We have witnessed in recent days an outpouring of empathy in Orlando and across the country after a senseless tragedy. Why it takes a tragic moment to call that empathy forth I do not know. A similar outpouring of empathy has occurred in England as a result of the brutal murder of a young member of Parliament. This empathy brings people together; it builds community, and we need desperately to exercise it not only in moments of darkness, but in all moments and for all people. It does not take a rocket scientist to get hold of the fact that most people (even though they appear so calm and assured) have an incredible amount of tumult and pain in their lives. Every human being is wounded. Every human being needs someone to love them, listen to them, care for them, not superficially, but with the deepest empathy (“the ability to understand and share the feelings of another”).

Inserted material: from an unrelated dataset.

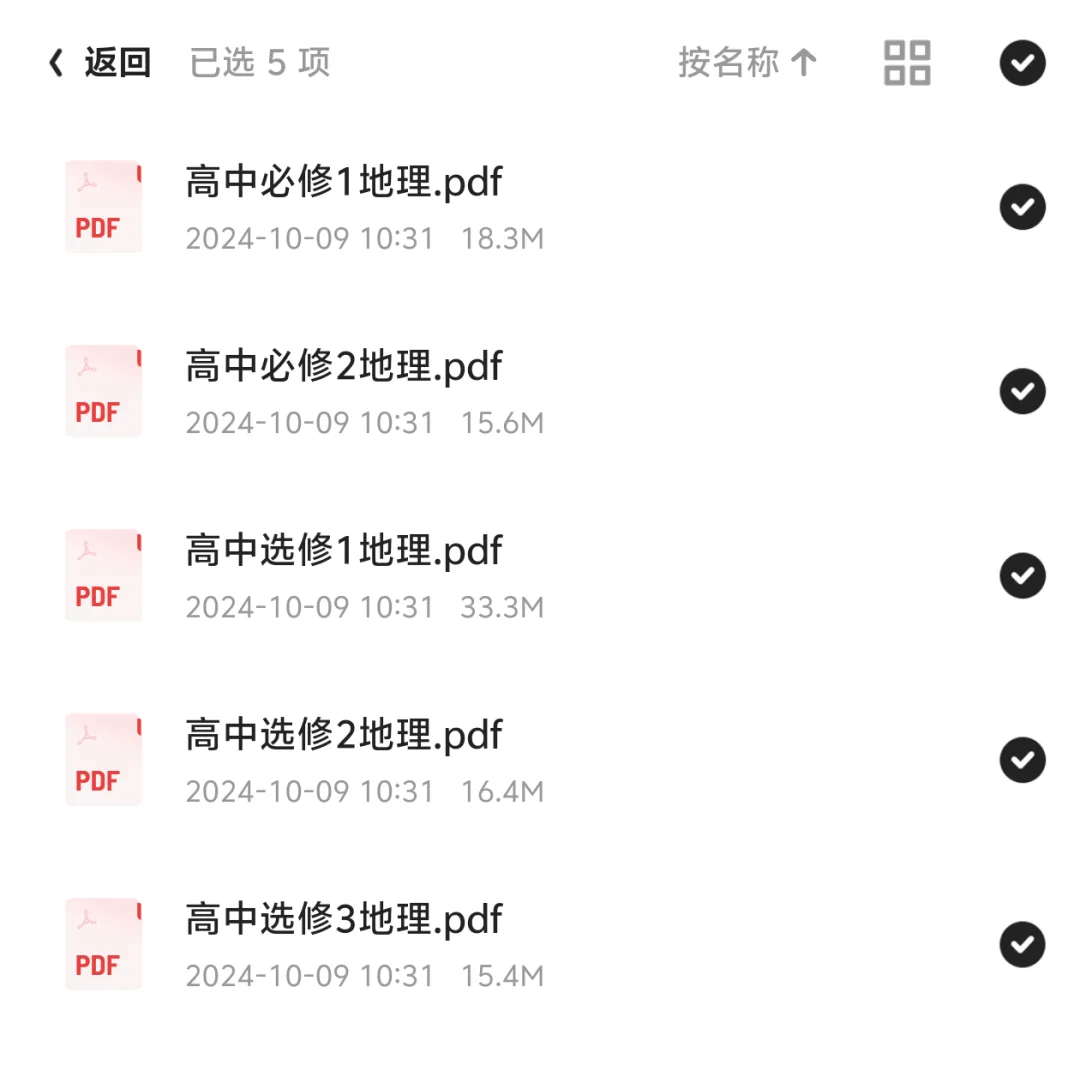 人教版高中地理PDF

Simultaneously, both here and in Britain, the very opposite of empathy (indifference, hatred, disagreement, discord, disunity, apathy, misunderstanding, unfeelingness) continues to run rampant (even though, in England, the “Get Britain Out” campaign has been suspended for a time). One English journalist wrote:
“Sometimes rhetoric has consequences. If you spend days, weeks, months, years telling people they are under threat, that their country has been stolen from them, that they have been betrayed and sold down the river, that their birthright has been pilfered, that their problem is they’re too slow to realize any of this is happening, that their problem is they’re not sufficiently mad as hell, then at some point, in some place, something or someone is going to snap. And then something terrible is going to happen.”
Yes, we are all wounded (it is universal) and our wounds are revealed in our perceptions of reality. Our wounds may be revealed in our fear, anger, lack of trust, our mixed-up values, our prejudices, our hates, and our self-centeredness. How we perceive the world around us makes all the difference. Is this a friendly world or is everyone out to do us in? Empathy or apathy? Empathy or hate?

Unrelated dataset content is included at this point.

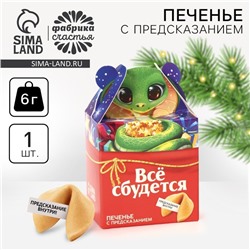 Печенье с предсказанием «Всё сбудется», 1 шт х 6 г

We need more beautiful (how be it “wounded”) people in our world as Elisabeth Kubler-Ross reminds us. “The most beautiful people we have known are those who have known defeat, known suffering, known struggle, known loss, and have found their way out of the depths. These persons have an appreciation, a sensitivity, and an understanding of life that fills them with compassion, gentleness, and a deep loving concern. Beautiful people do not just happen.”